## Exercise goal
The answer must be only the lines below from the one holding "Theo Von Picking" down to the one holding "Thumbnail: 2017 Toyota RAV4 - 7", ends included, printed exactly; please omit all pictures.

## Source data
::::::

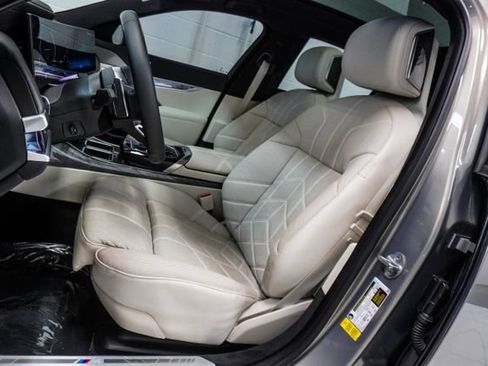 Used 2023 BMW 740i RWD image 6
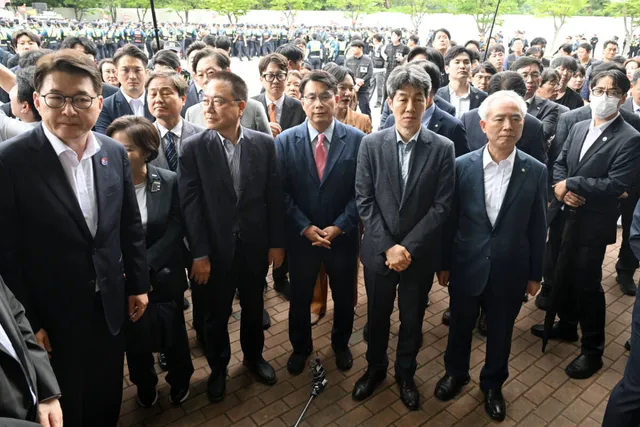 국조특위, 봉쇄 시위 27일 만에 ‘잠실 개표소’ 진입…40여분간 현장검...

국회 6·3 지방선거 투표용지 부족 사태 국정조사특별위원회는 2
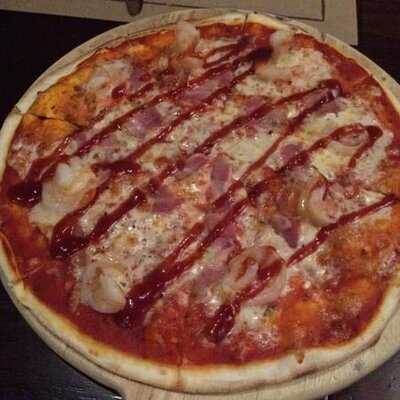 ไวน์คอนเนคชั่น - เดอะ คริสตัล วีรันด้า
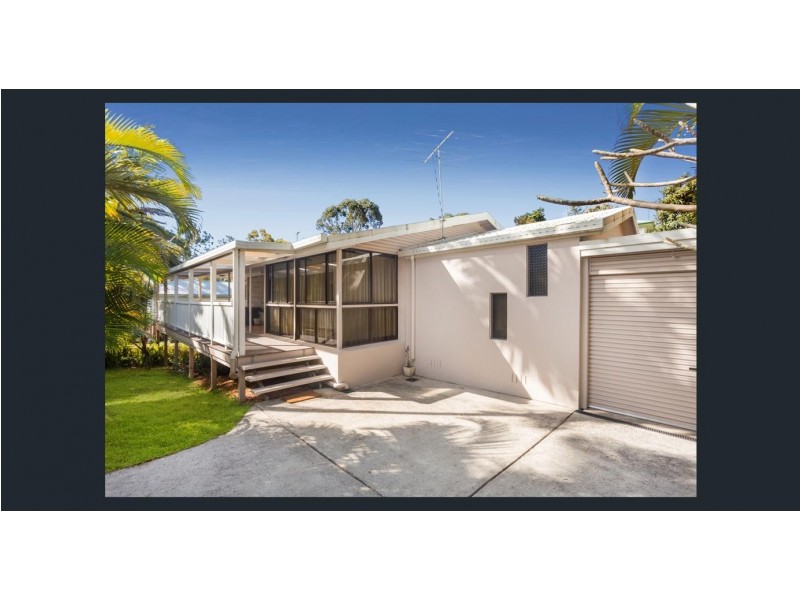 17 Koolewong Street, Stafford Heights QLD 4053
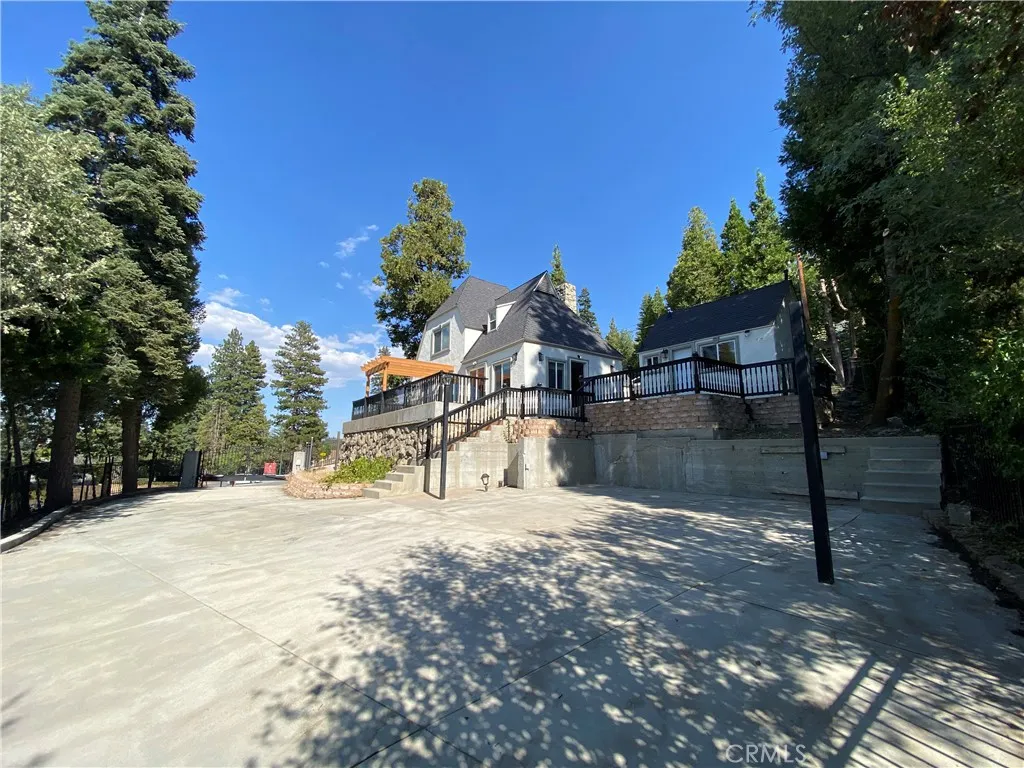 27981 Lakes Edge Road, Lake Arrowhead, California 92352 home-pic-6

::::::

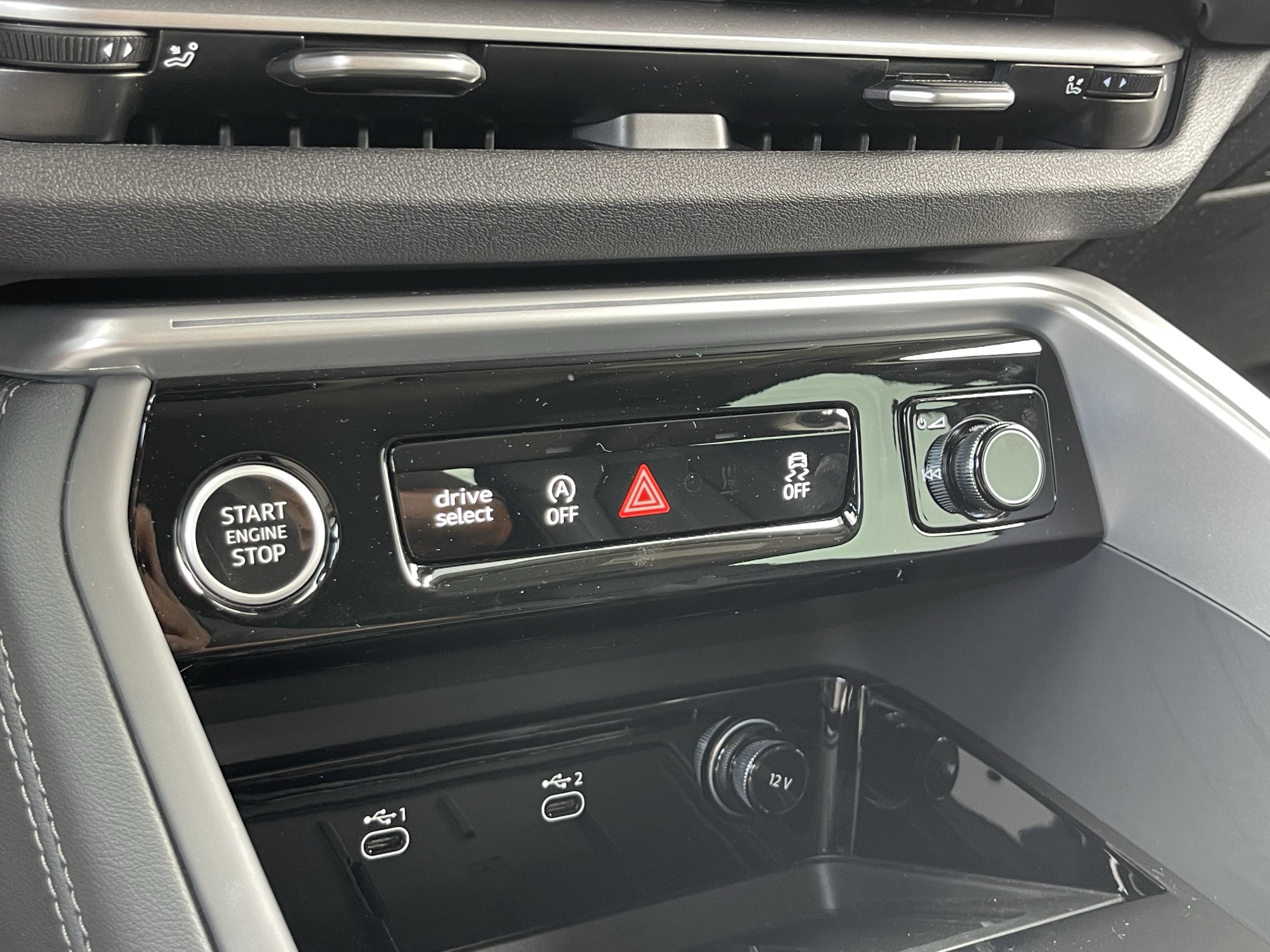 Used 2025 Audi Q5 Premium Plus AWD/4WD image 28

::::::

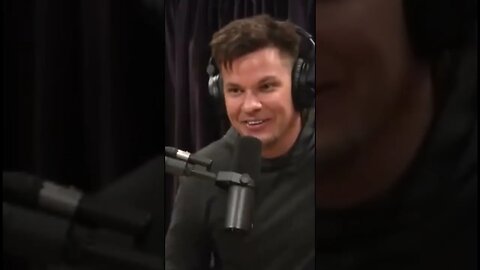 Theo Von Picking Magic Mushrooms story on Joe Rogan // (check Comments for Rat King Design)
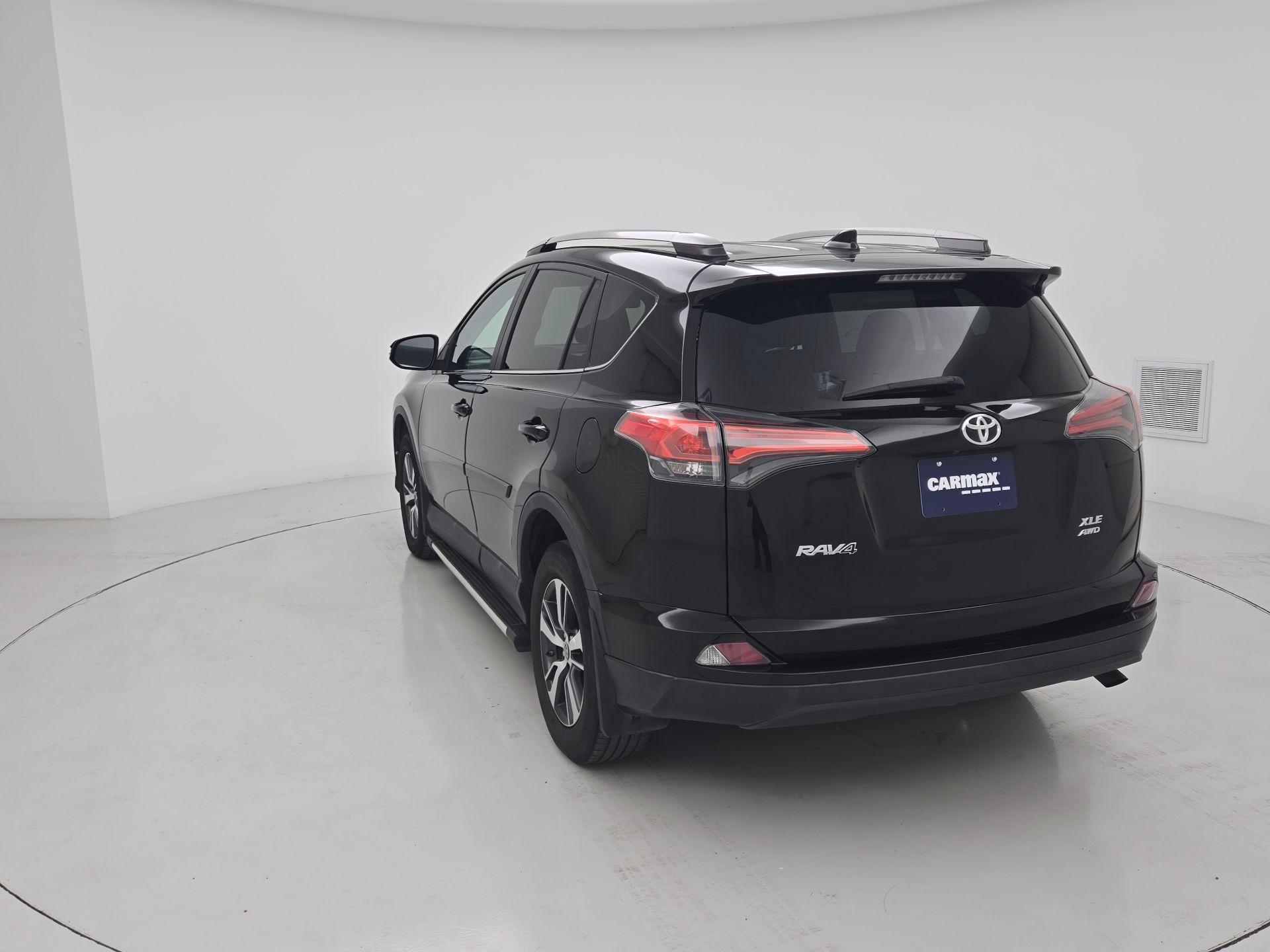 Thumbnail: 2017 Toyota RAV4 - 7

::::::

## Exercise result
 Theo Von Picking Magic Mushrooms story on Joe Rogan // (check Comments for Rat King Design)
 Thumbnail: 2017 Toyota RAV4 - 7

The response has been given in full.